BEGIN GIVEN ENTRIES

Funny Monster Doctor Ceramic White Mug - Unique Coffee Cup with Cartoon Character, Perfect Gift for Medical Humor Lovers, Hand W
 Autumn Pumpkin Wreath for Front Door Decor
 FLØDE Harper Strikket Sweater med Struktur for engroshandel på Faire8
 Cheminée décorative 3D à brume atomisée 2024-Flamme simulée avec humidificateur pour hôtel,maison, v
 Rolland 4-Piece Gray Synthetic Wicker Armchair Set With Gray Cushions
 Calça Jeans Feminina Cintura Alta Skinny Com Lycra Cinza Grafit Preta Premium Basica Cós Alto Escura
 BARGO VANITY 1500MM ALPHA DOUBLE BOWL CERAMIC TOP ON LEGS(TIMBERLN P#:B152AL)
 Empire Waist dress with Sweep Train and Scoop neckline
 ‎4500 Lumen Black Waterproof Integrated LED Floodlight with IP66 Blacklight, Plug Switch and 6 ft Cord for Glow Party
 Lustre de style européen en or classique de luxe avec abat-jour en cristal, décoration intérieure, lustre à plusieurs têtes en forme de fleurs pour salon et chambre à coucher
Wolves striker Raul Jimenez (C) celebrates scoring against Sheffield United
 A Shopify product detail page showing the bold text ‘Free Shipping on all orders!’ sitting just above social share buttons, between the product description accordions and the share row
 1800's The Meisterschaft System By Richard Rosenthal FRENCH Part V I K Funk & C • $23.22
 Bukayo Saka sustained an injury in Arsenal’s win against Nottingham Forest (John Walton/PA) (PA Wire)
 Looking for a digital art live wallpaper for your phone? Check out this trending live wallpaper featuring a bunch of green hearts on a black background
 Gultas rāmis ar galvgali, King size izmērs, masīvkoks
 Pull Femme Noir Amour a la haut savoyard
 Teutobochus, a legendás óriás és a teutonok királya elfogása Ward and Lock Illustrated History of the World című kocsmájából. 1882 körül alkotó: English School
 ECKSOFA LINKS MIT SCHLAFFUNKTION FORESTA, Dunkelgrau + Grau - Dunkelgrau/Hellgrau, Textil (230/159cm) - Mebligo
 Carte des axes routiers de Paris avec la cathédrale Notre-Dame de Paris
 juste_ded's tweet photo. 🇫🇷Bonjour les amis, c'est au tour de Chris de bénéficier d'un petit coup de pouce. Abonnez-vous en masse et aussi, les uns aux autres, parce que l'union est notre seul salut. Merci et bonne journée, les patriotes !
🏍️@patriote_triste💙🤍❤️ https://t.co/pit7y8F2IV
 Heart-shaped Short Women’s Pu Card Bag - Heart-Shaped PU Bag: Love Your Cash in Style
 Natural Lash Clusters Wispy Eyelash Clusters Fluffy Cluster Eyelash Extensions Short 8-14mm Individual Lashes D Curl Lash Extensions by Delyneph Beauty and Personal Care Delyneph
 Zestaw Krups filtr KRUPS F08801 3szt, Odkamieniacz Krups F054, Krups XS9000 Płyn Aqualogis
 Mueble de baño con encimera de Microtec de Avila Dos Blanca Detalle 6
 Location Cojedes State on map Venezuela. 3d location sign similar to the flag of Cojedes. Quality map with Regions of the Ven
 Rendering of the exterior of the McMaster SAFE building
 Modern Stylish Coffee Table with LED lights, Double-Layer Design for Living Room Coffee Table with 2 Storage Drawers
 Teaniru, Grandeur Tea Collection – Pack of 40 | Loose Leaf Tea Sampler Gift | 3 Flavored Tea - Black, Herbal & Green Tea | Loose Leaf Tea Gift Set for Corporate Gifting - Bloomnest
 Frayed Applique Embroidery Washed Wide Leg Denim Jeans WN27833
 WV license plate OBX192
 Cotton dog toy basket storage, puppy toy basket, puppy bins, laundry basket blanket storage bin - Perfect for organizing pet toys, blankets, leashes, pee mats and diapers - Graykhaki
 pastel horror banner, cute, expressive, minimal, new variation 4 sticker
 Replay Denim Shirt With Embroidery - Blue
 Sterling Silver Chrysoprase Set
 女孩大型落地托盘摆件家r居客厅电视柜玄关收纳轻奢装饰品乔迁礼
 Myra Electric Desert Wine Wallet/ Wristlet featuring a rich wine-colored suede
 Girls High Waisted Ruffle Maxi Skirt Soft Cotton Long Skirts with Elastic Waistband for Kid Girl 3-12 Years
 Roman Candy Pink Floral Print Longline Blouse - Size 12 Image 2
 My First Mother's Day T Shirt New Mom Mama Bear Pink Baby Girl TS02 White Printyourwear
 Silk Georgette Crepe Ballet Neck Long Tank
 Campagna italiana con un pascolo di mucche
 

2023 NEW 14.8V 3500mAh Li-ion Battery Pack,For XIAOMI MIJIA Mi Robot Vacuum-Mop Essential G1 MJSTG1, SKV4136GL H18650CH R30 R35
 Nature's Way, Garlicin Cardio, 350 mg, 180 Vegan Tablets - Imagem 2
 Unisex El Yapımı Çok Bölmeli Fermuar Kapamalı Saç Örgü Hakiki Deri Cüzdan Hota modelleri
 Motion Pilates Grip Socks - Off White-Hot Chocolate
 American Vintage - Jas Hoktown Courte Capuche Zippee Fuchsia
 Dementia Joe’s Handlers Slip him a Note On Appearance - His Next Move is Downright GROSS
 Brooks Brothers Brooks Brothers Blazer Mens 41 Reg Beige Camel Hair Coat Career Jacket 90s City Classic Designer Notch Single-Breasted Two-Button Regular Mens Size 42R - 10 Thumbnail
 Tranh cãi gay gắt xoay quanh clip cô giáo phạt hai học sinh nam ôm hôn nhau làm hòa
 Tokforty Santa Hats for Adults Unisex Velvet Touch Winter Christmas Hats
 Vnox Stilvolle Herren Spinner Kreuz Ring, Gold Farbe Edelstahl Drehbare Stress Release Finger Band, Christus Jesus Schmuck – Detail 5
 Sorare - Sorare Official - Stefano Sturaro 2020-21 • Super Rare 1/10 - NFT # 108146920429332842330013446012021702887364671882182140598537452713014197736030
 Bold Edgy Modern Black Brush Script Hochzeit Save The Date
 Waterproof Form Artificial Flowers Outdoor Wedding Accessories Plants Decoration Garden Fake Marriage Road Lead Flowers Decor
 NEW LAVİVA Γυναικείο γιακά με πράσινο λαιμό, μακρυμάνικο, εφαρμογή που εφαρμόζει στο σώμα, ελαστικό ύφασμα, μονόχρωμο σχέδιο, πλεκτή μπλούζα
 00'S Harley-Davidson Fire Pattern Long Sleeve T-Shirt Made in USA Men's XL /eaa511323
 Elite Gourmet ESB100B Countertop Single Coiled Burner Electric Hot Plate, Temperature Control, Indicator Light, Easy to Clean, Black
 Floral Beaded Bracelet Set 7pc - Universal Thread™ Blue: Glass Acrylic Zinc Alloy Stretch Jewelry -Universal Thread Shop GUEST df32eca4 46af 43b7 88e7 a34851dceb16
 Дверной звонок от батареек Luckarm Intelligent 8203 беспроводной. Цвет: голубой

END GIVEN ENTRIES

• [WHAT TO DO] Reproduce exactly, and only, the part of the listing above that begins at the line with "1800's The Meisterschaft" and goes on through the line with "ECKSOFA LINKS MIT".

• [RESULT OF THIS EXERCISE]
 1800's The Meisterschaft System By Richard Rosenthal FRENCH Part V I K Funk & C • $23.22
 Bukayo Saka sustained an injury in Arsenal’s win against Nottingham Forest (John Walton/PA) (PA Wire)
 Looking for a digital art live wallpaper for your phone? Check out this trending live wallpaper featuring a bunch of green hearts on a black background
 Gultas rāmis ar galvgali, King size izmērs, masīvkoks
 Pull Femme Noir Amour a la haut savoyard
 Teutobochus, a legendás óriás és a teutonok királya elfogása Ward and Lock Illustrated History of the World című kocsmájából. 1882 körül alkotó: English School
 ECKSOFA LINKS MIT SCHLAFFUNKTION FORESTA, Dunkelgrau + Grau - Dunkelgrau/Hellgrau, Textil (230/159cm) - Mebligo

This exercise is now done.